Her grandmother's voice rang in her head: They'll lead you astray, anak. Don't follow them into the trees.
Emma's throat tightened. She should have run. She should have screamed. Instead, she stayed rooted, wide-eyed, as the creature crouched low, bringing his face level with hers.
"You're lost," he said gently. His voice was soft, almost teasing. "But you don't have to be afraid."
Her lips trembled. "You're… you're not real."
His mouth curved into a smile. "Does this feel unreal?" He tapped the earth with his hoof, the sound sharp against the silence.
Emma hugged her knees tighter, torn between fear and wonder.
He reached into a pouch slung across his chest and pulled out a folded cloth. Carefully, he draped it over her shoulders. The fabric smelled faintly of smoke and herbs. "You'll be cold tonight," he murmured.
She blinked at him. "Why are you helping me?"
For a moment, his eyes grew distant, almost sad. "Because no one should be alone when they're lost."
That night, he kept a small fire burning. Emma huddled close to it, watching him move easily among the shadows, gathering dry wood, checking the dark as though nothing in it could threaten him.
When she asked his name, he only chuckled. "You wouldn't believe it if I told you."
"Try me," she insisted.
"Adrian," he said at last, almost shyly, as though he had not spoken it aloud in years.
She repeated it under her breath, testing the weight of it. "Adrian."
The sound made him smile.
By the second night, Emma no longer trembled.

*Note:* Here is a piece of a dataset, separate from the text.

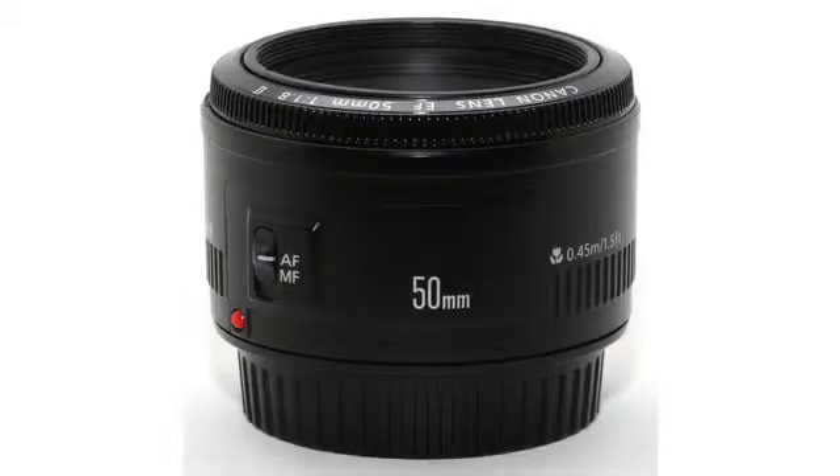Hey guys, I just got a new lens today which I'm pretty pumped about. A lot of the quality of good cameras is good lenses. So this is a Canon EF 50mm 1.8 lens. It's like this big — actually I'll cut away to it.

She listened as Adrian pointed out constellations, tracing the patterns with his long fingers. He told her which plants soothed fever, which healed wounds, which made a person sick if they weren't careful.
"You know so much," she whispered.
"It's my home," he replied. "The forest teaches you everything, if you listen."
Emma studied his profile in the firelight. He was not frightening. Not to her. "Will I ever see you again?"
His expression softened, almost wistful. "That depends. Most people forget."
On the third morning, torches pierced the trees. Voices called her name — her uncle, her cousins, the searchers who had been combing the forest for days.
Emma scrambled to her feet, joy and relief flooding her. But when she turned, Adrian was already retreating into the shadows.
"Wait!" she cried.
He paused, lifted a hand in farewell, and was gone.
Her uncle swept her up, scolding and embracing her all at once. "You're safe now. You're safe."
Emma tried to explain. She told them about the tikbalang who had found her, who had kept her warm and safe and fed. She spoke of Adrian, the fire, the stories.
They laughed.
"You were scared. You imagined it," her mother said.
"She was delirious," her father added. "The forest plays tricks on you."
Her cousins teased her mercilessly. "Emma and her tikbalang prince!"
Even her grandmother, who once whispered stories of spirits, hushed her gently. "Don't say such things aloud, anak. People will think you've lost your mind."
So Emma stopped.
But the memory never left.
For years she carried it silently, tucked away in the corners of her mind. At first she clung to it, replaying every detail of Adrian's voice, his smile, the warmth of his hand as he steadied her. But as time passed, the edges blurred. Studies consumed her, and then medical school, long hours beneath fluorescent lights. Science left no room for tikbalangs. Patients needed answers she could measure, medicines she could explain.
She told herself she had imagined it. She buried it deep.
Until now.
Now, back in the house that still smelled of her grandmother, with the forest standing watch outside, the memory rose again. Not just the fear, not just the ridicule, but the wonder.
Emma closed her eyes, letting herself feel it. The firelight. The stories. The boy with ember eyes who called himself Adrian.
When she opened them, her gaze fell on the brass compass lying on the table — the one Adrian, grown and human, had pressed into her palm that morning. Its needle trembled faintly, pointing nowhere she could name.
Her breath caught.
Maybe, just maybe, she hadn't dreamed it after all.